Clone this repository to your computer and open the RStudio project file, occ-processing.Rproj.

Generate occurrence data cube for Belgium

You can generate the Belgian occurrence data cube by running the R Markdown files in src/belgium following the order shown here below:

  1. 1_download.Rmd: trigger a GBIF download and add it to the list of triggered downloads
  2. 2_create_db.Rmd: create a sqlite database and perform basic data cleaning
  3. 3_assign_grid.Rmd: assign geographic cell code to occurrence data
  4. 4_aggregate.Rmd: aggregate occurrences per taxon, year and cell code, the Belgian occurrence data cube

In the aggregation step, we also create a data cube at class level. The data cubes are authomatically generated in folder /data/processed/.

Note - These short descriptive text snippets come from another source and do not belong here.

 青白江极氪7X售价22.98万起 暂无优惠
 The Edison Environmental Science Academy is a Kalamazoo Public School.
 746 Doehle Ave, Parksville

Generate occurrence data cube for Europe

At European level we are interested in occurrences of a list of taxa, which will be used for modelling and risk assessment. This list is maintained in file modelling_species.tsv in folder references.

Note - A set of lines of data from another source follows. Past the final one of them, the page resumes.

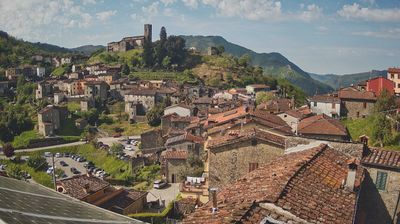 immagine della webcam nei dintorni di Pietrasanta: webcam Borgo a Mozzano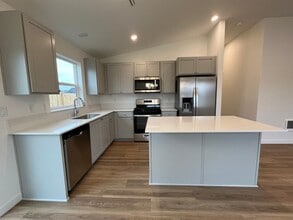 734 NE 16th St in Madras, OR - Building Photo - Building Photo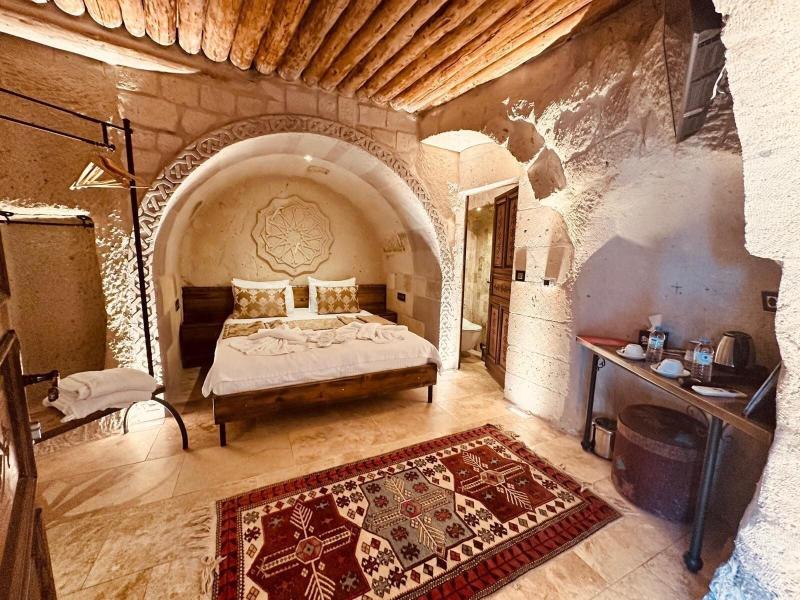 Hira Cave Hotel image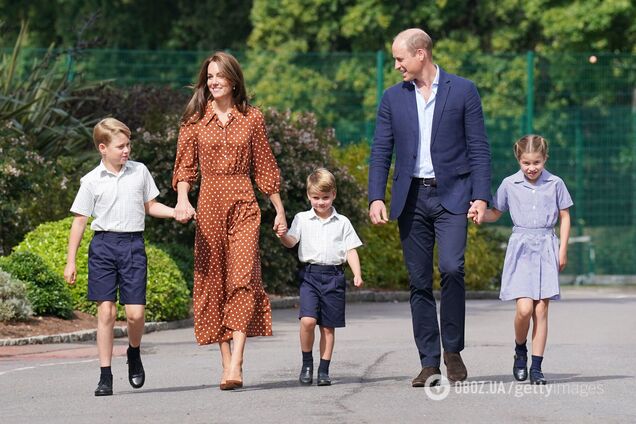 10 случаев, когда королевские родители нарушали правила относительно своих детей. Фото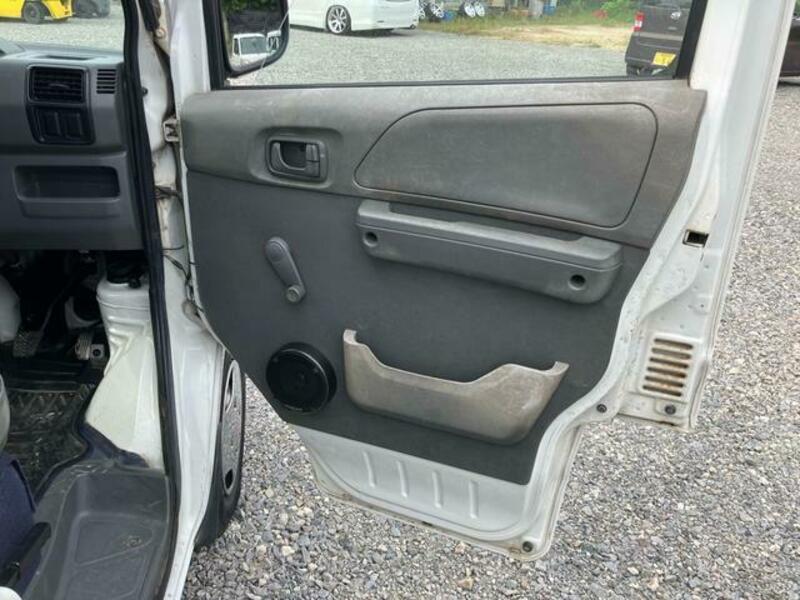 MINICAB TRUCK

You can generate the European occurrence data cube by running the R Markdown files in src/europe following the order shown here below:

  1. 1_download.Rmd: trigger a GBIF download and adding it to the list of triggered downloads
  2. 2_assign_grid.Rmd: assign geographic cell code to occurrence data
  3. 3_aggregate.Rmd: aggregate occurrences per taxa, year and cell code, the European occurrence data cube.

Install any required packages.

Contributors

List of contributors

License

MIT License for the code and documentation in this repository.